▶ Exercise instructions: From the entries below, print exactly the span beginning with the line holding "FL STUDIO Signature" and ending with the line holding "Map of Jabel Ossu", endpoints included, and skip any pictures.

▶ Records shown:
-- Opening Marker --

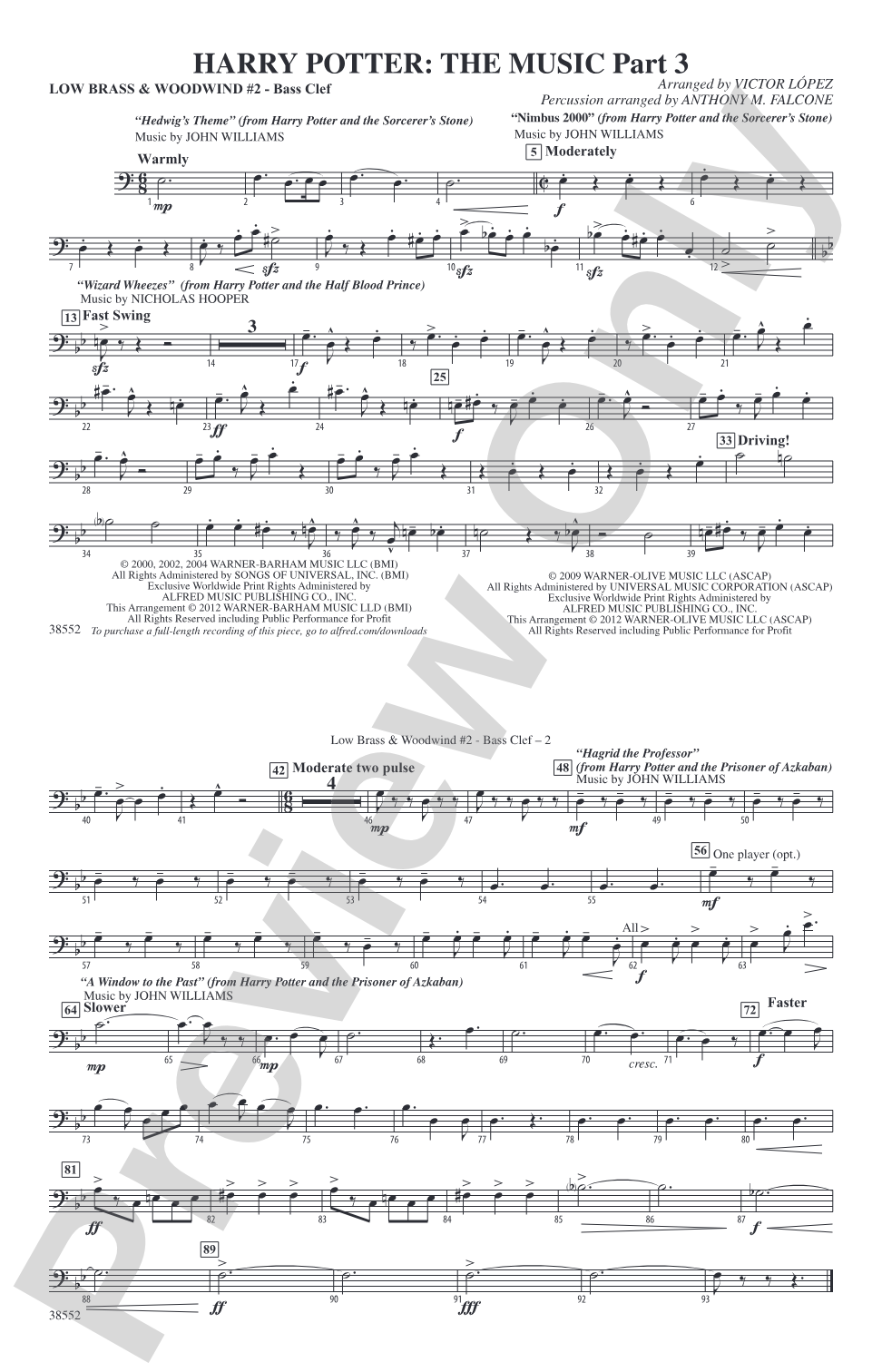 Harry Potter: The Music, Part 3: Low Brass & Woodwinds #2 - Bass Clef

-- Closing Marker --
-- Opening Marker --

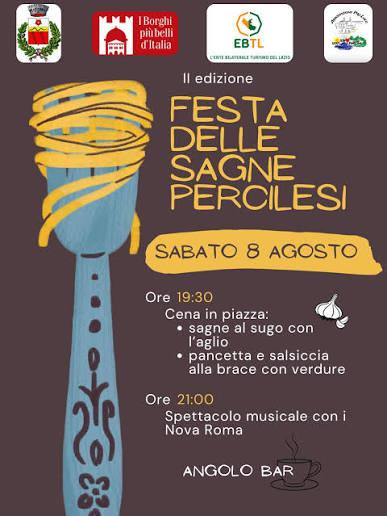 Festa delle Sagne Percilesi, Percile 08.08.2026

-- Closing Marker --
-- Opening Marker --

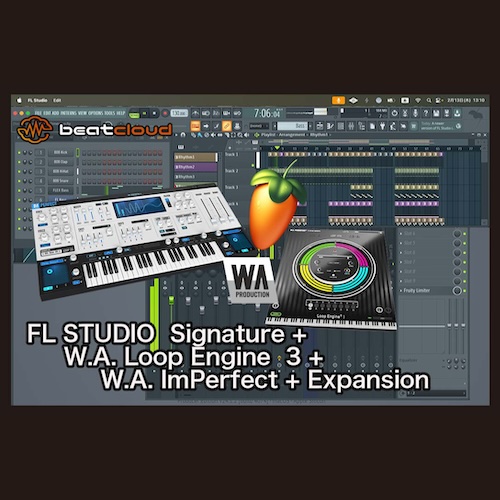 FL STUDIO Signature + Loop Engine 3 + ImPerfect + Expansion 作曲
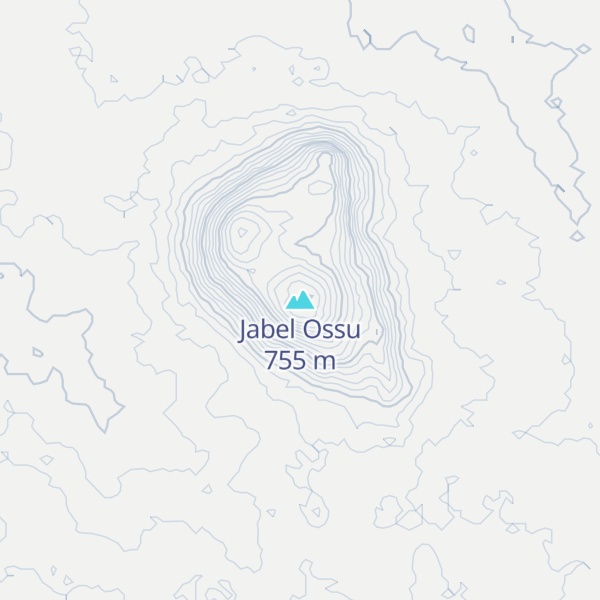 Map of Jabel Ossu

-- Closing Marker --

▶ Output for this exercise:
 FL STUDIO Signature + Loop Engine 3 + ImPerfect + Expansion 作曲
 Map of Jabel Ossu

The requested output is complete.